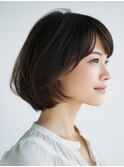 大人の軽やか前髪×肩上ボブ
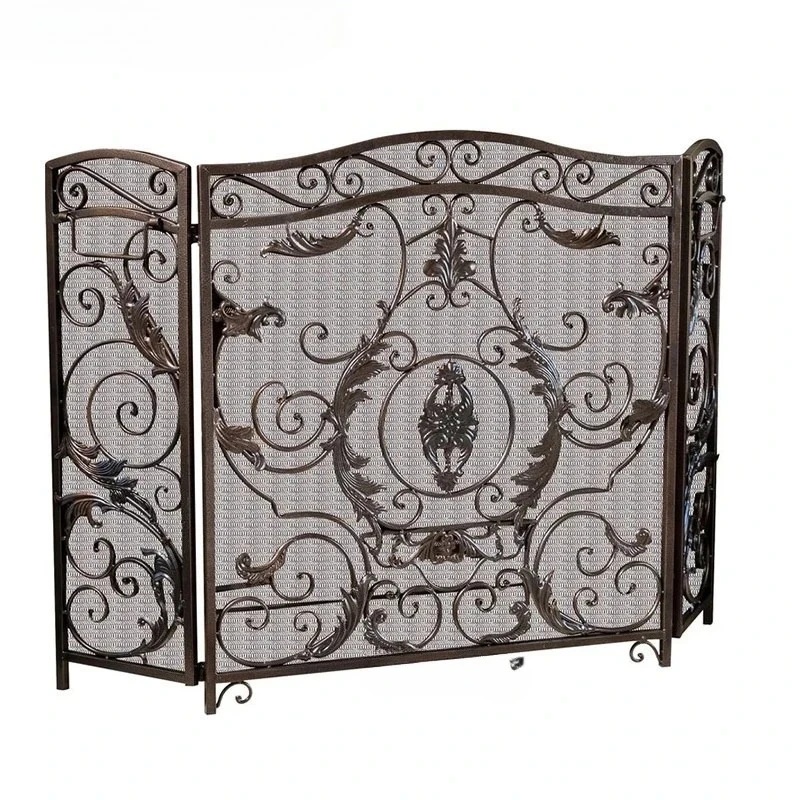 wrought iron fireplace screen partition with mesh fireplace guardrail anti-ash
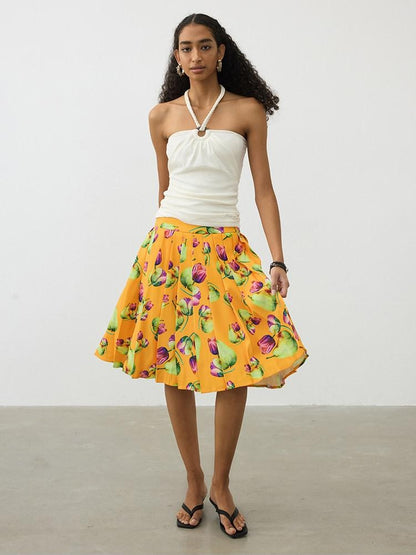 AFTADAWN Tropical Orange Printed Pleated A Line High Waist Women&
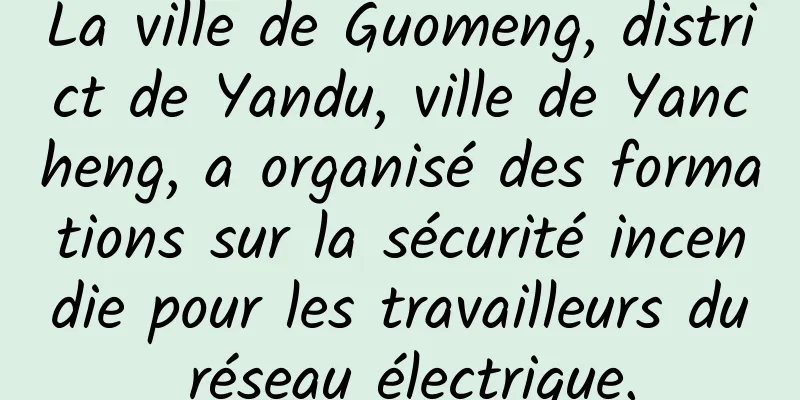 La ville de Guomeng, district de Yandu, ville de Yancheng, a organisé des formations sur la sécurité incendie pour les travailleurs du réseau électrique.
· · · · ·
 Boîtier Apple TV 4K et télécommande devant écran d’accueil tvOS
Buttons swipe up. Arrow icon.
· · · · ·
Within these entries, output exactly the lines starting at the one with "大人の軽やか前髪×肩上ボブ" and finishing at the one with "La ville de". Leave pictures out of the output.

> Output of the task:
 大人の軽やか前髪×肩上ボブ
 wrought iron fireplace screen partition with mesh fireplace guardrail anti-ash
 AFTADAWN Tropical Orange Printed Pleated A Line High Waist Women&
 La ville de Guomeng, district de Yandu, ville de Yancheng, a organisé des formations sur la sécurité incendie pour les travailleurs du réseau électrique.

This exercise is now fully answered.